= Internationalization =

Increasing links to international markets

Internationalization or internationalisation is the process of increasing involvement of enterprises in international markets, although there is no agreed definition of internationalization. Internationalization is a crucial strategy not only for companies that seek horizontal integration globally but also for countries that addresses the sustainability of its development in different manufacturing as well as service sectors especially in higher education which is a very important context that needs internationalization to bridge the gap between different cultures and countries. There are several internationalization theories which try to explain why there are international activities.

== Entrepreneurs and enterprises ==
Those entrepreneurs who are interested in the field of internationalization of business need to possess the ability to think globally and have an understanding of international cultures.
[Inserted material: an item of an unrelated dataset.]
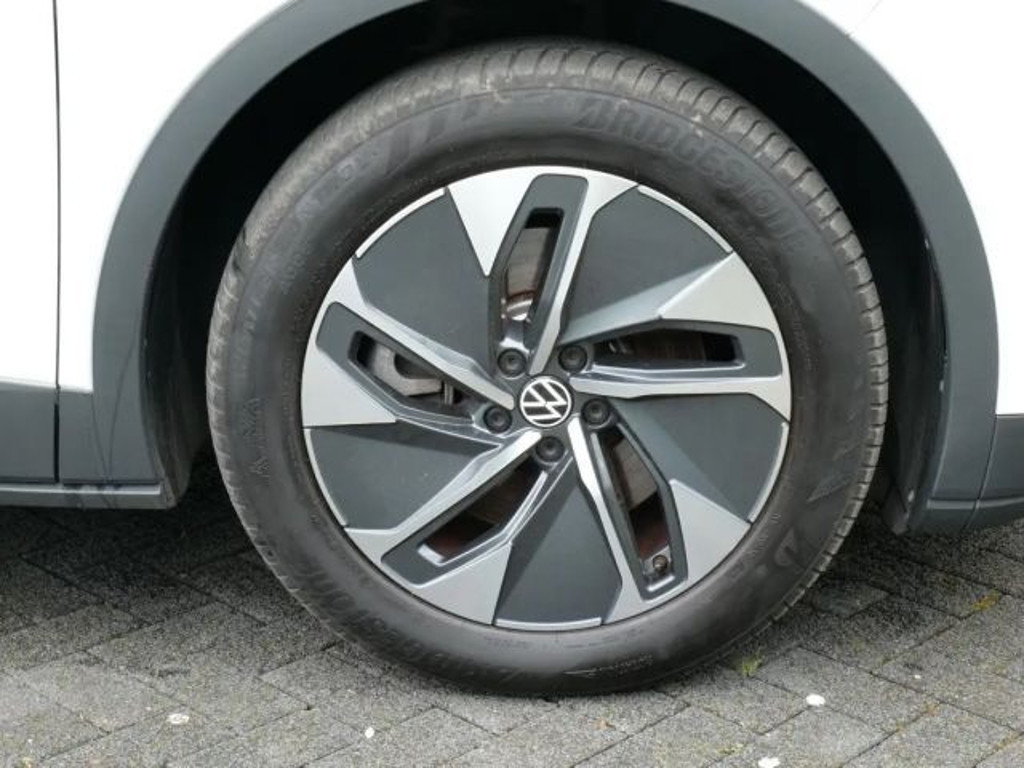 Volkswagen ID.4 Performance Family Pro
By appreciating and understanding different beliefs, values, behaviors and business strategies of a variety of companies within other countries, entrepreneurs will be able to internationalize successfully. Entrepreneurs must also have an ongoing concern for innovation, maintaining a high level of quality, be committed to corporate social responsibility, and continue to strive to provide the best business strategies and either goods or services possible while adapting to different countries and cultures.

== Trade theories ==

=== Absolute cost advantage (Adam Smith, 1776) ===

Adam Smith claimed that a country should specialise in, and export, commodities in which it had an absolute advantage. An absolute advantage existed when the country could produce a commodity with less costs per unit produced than could its trading partner. By the same reasoning, it should import commodities in which it had an absolute disadvantage.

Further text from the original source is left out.